Tampoco, para andar acarreando maletas de un lado a otro o viajando a ver algún pariente que tuvo la mala idea de construirse una casa en la playa. Los parientes son otras de las víctimas de los veranos.
Además, ahora la juventud cubre todos los espacios del verano. Es cuestión de verlos en los noticiarios de la televisión, con sus músculos, potos y tetas al aire en las playas. Los que ya contamos con más de “titantos” no provocamos conmoción alguna. Aunque andemos todo el día escondiendo la guata y aguantando la respiración para vernos más juveniles.
A mí, por lo menos, no me gusta tanto el verano, ni estoy dispuesto a hacer tantos esfuerzos para pasar algunos días frente al océano.
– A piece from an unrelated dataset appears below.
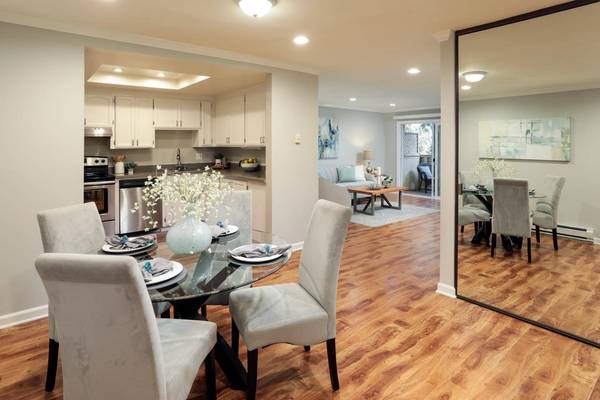 1033 Crestview DR 105, Mountain View, CA 94040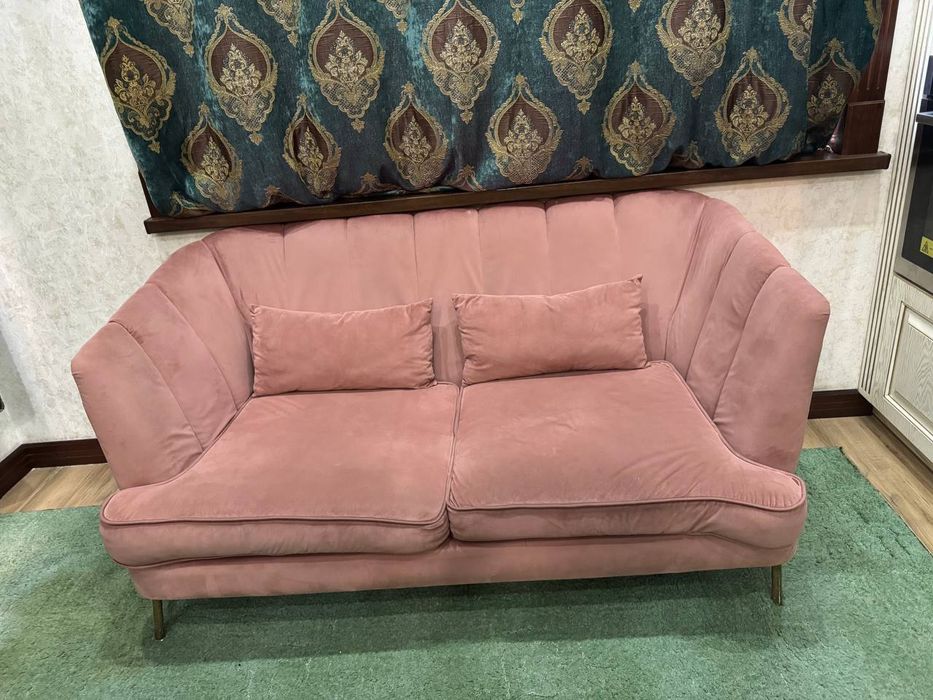 Диван мягкий и удобный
Prefiero quedarme en mi casita, escuchando a “Los Beach Boys”, leyendo alguna novela marinera de Coloane o haciendo agua en mi boca un “Choco Panda”.
Todo junto al ventilador. Es que el calor me achicharra. Soy de los que creen, como decía el quillotano Ramiro Vicuña Rozas –según Joaquín Edwards Bello-, que: “Calor debiera hacer en invierno, cuando se le necesita y no en verano, cuando nadie lo necesita”.